Dataset content:
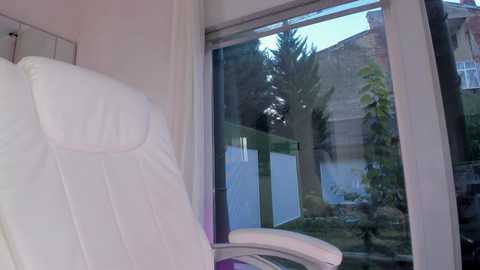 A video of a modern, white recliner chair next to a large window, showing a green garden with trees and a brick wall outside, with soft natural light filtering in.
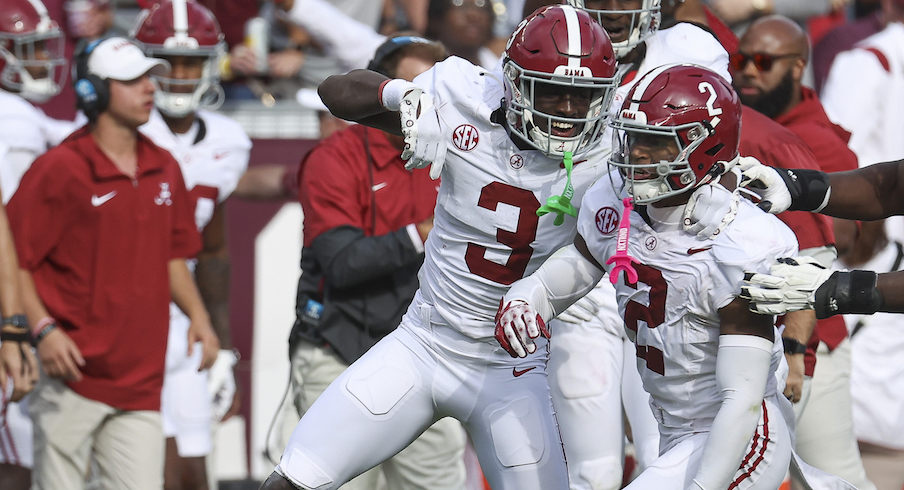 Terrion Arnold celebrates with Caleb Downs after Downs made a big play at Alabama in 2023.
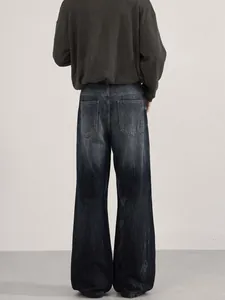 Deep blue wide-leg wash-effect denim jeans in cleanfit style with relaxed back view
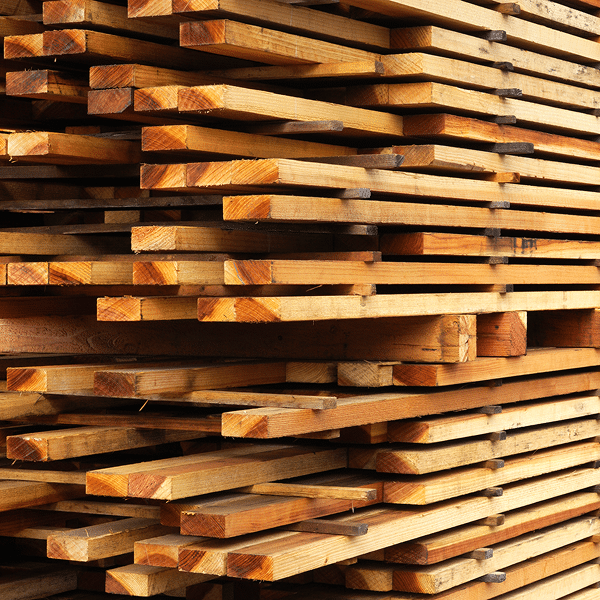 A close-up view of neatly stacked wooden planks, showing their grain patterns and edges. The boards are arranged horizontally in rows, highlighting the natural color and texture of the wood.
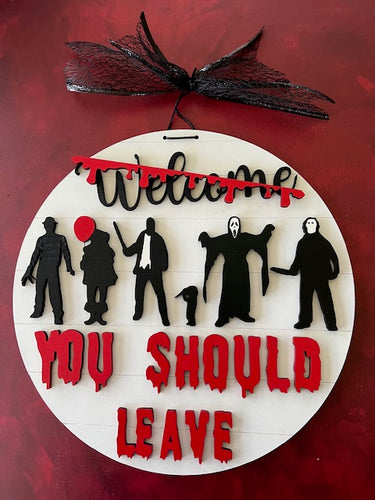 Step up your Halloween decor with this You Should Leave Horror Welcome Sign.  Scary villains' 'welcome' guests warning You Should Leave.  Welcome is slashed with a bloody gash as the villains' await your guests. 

What to work on: Pictures stay out; repeat all the rest of the records exactly.

Answer to this exercise:
 A video of a modern, white recliner chair next to a large window, showing a green garden with trees and a brick wall outside, with soft natural light filtering in.
 Terrion Arnold celebrates with Caleb Downs after Downs made a big play at Alabama in 2023.
 Deep blue wide-leg wash-effect denim jeans in cleanfit style with relaxed back view
 A close-up view of neatly stacked wooden planks, showing their grain patterns and edges. The boards are arranged horizontally in rows, highlighting the natural color and texture of the wood.
 Step up your Halloween decor with this You Should Leave Horror Welcome Sign.  Scary villains' 'welcome' guests warning You Should Leave.  Welcome is slashed with a bloody gash as the villains' await your guests. 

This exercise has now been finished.